▶ _What the task asks_:
Every line below between the line holding "Urban Chic - Cozy" and the line holding "Dog Mom Daisy", inclusive, should be repeated exactly, and all other lines omitted.

▶ _Supplied entries_:
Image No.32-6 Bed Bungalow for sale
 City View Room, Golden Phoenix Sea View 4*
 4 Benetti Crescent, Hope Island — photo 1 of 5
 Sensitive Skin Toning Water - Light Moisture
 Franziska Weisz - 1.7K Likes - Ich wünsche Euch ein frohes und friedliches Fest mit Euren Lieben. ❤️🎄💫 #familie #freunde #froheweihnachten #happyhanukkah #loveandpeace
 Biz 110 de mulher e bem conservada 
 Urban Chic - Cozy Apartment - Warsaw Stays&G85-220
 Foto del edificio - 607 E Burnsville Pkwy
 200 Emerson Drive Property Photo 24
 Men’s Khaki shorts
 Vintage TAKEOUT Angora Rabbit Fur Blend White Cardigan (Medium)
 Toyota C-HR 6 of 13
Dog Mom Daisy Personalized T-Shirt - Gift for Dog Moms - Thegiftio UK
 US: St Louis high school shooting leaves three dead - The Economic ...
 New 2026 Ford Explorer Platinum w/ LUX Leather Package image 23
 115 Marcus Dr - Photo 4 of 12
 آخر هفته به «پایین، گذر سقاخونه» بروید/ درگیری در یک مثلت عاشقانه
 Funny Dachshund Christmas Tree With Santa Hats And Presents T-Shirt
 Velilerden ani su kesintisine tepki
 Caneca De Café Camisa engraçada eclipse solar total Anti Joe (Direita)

▶ _Written solution_:
 Urban Chic - Cozy Apartment - Warsaw Stays&G85-220
 Foto del edificio - 607 E Burnsville Pkwy
 200 Emerson Drive Property Photo 24
 Men’s Khaki shorts
 Vintage TAKEOUT Angora Rabbit Fur Blend White Cardigan (Medium)
 Toyota C-HR 6 of 13
Dog Mom Daisy Personalized T-Shirt - Gift for Dog Moms - Thegiftio UK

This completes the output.